TO DO:
Once you reach the line with "Rusty straight and" below, copy each line exactly, stopping after the line with "For Xiaomi Civi", and skip any pictures.

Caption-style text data

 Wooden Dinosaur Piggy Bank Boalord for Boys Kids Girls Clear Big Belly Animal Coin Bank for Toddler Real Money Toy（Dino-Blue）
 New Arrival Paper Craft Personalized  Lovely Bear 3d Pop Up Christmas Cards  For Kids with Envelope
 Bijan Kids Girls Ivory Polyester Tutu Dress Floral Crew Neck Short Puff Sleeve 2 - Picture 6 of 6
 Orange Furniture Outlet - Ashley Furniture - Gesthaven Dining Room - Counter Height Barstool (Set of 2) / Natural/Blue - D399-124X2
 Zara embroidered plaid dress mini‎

* * *

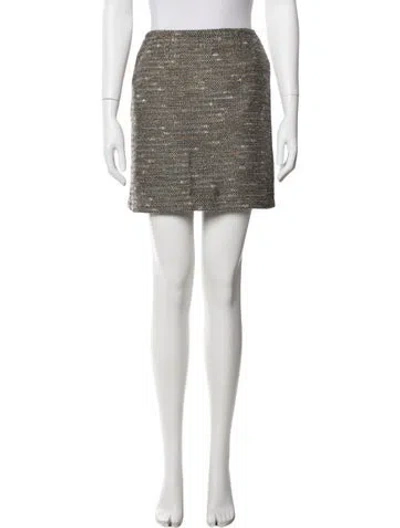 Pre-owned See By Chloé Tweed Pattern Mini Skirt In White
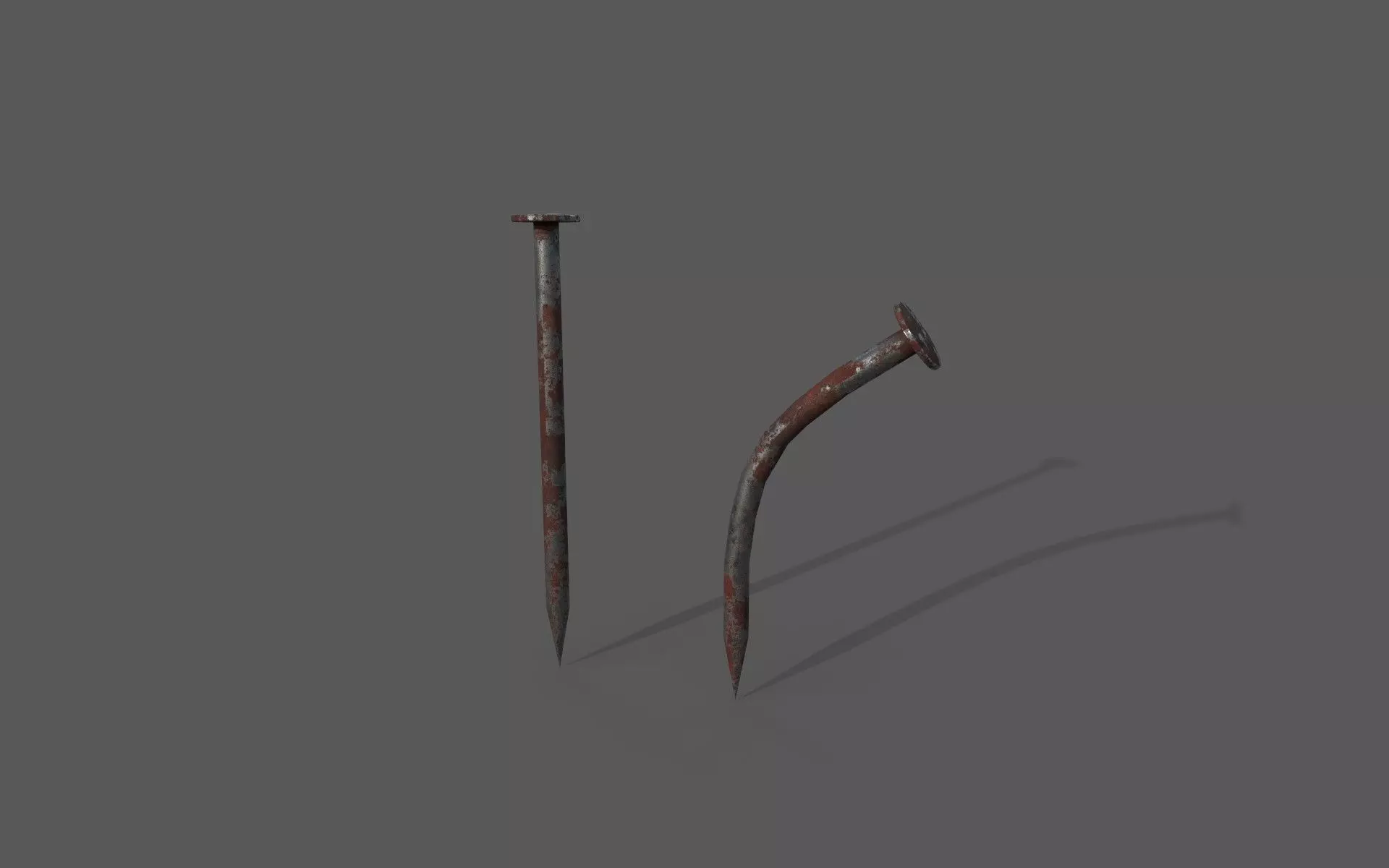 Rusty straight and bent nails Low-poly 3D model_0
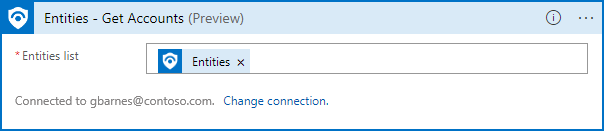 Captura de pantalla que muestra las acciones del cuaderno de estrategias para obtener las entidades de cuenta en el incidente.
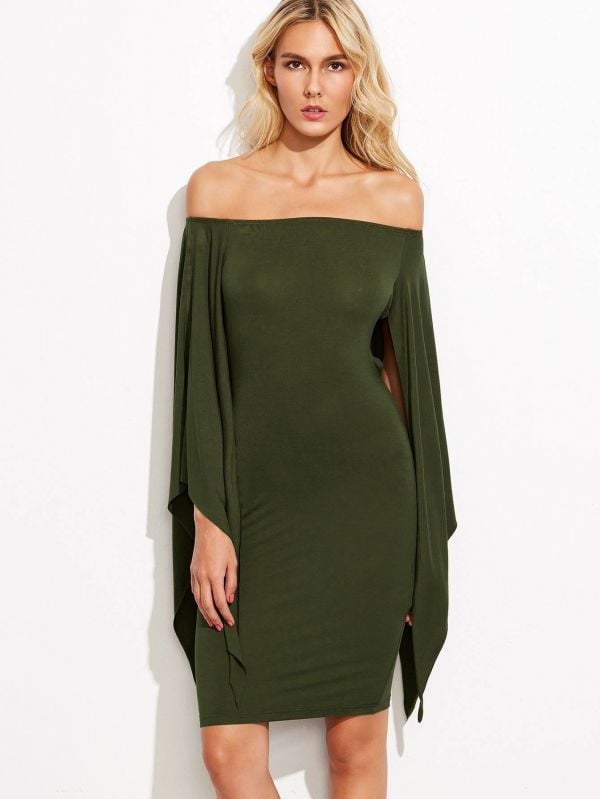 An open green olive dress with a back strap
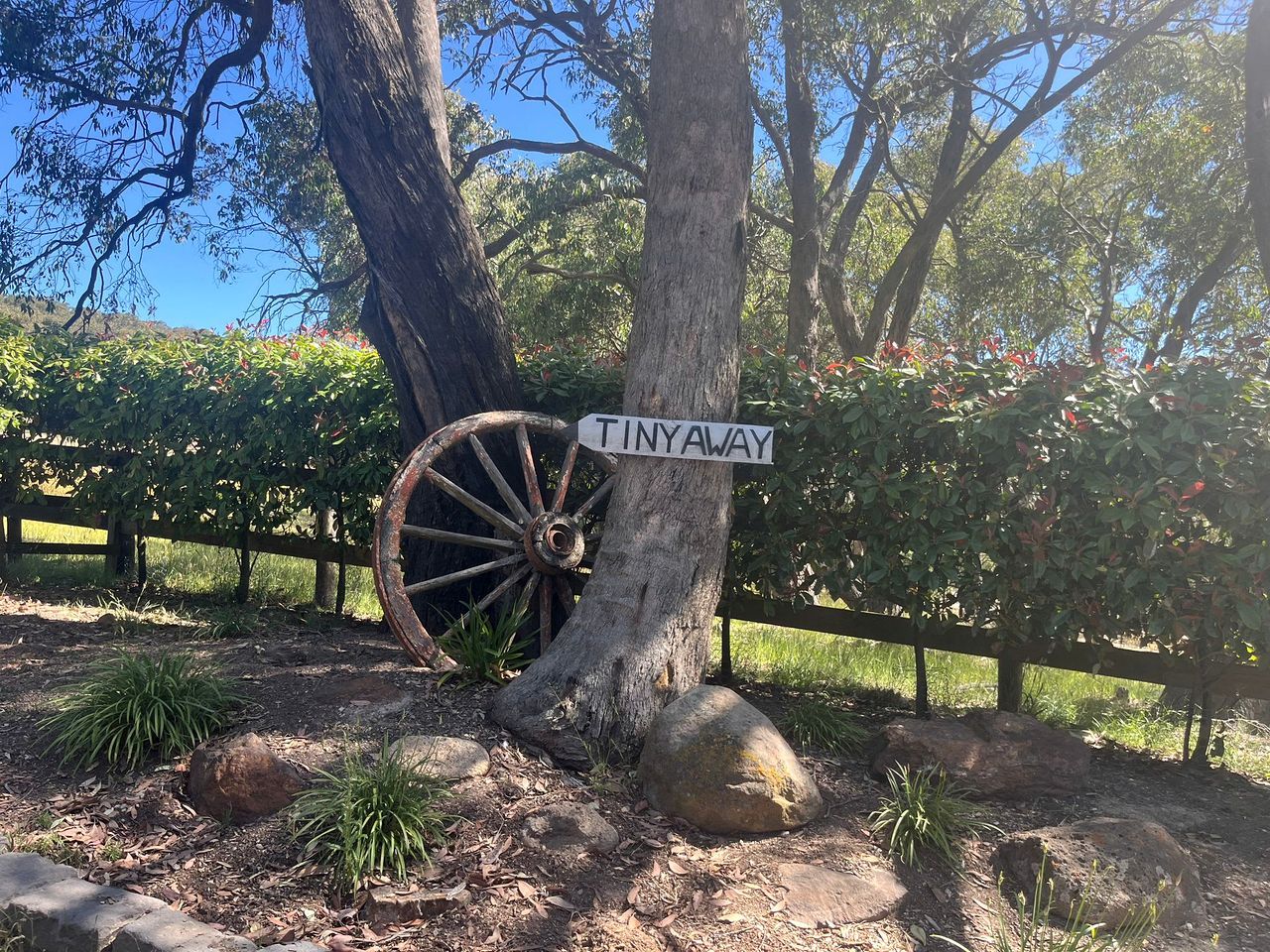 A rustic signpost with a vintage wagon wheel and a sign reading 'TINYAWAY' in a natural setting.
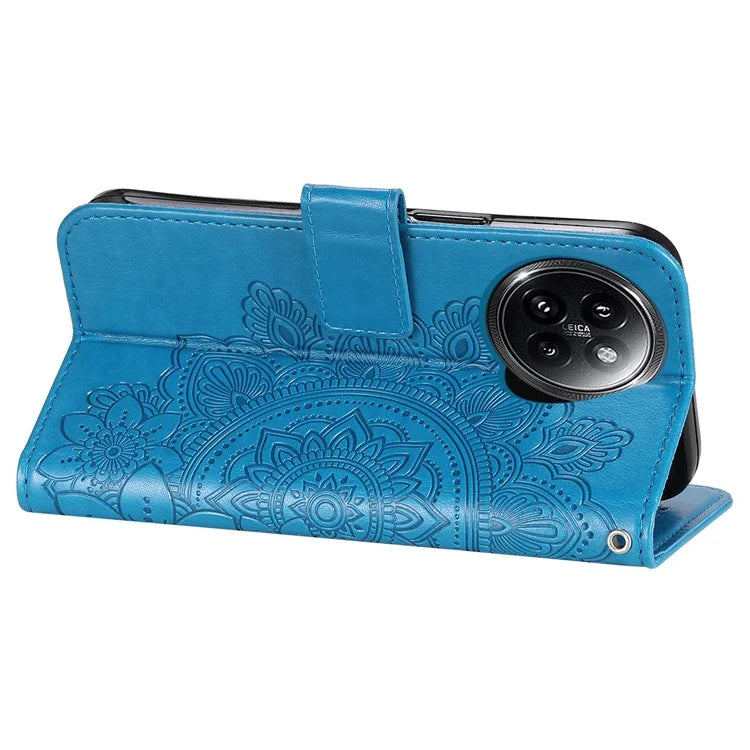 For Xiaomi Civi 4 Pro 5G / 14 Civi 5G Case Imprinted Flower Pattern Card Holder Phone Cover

RESPONSE BELOW:
 Rusty straight and bent nails Low-poly 3D model_0
 Captura de pantalla que muestra las acciones del cuaderno de estrategias para obtener las entidades de cuenta en el incidente.
 An open green olive dress with a back strap
 A rustic signpost with a vintage wagon wheel and a sign reading 'TINYAWAY' in a natural setting.
 For Xiaomi Civi 4 Pro 5G / 14 Civi 5G Case Imprinted Flower Pattern Card Holder Phone Cover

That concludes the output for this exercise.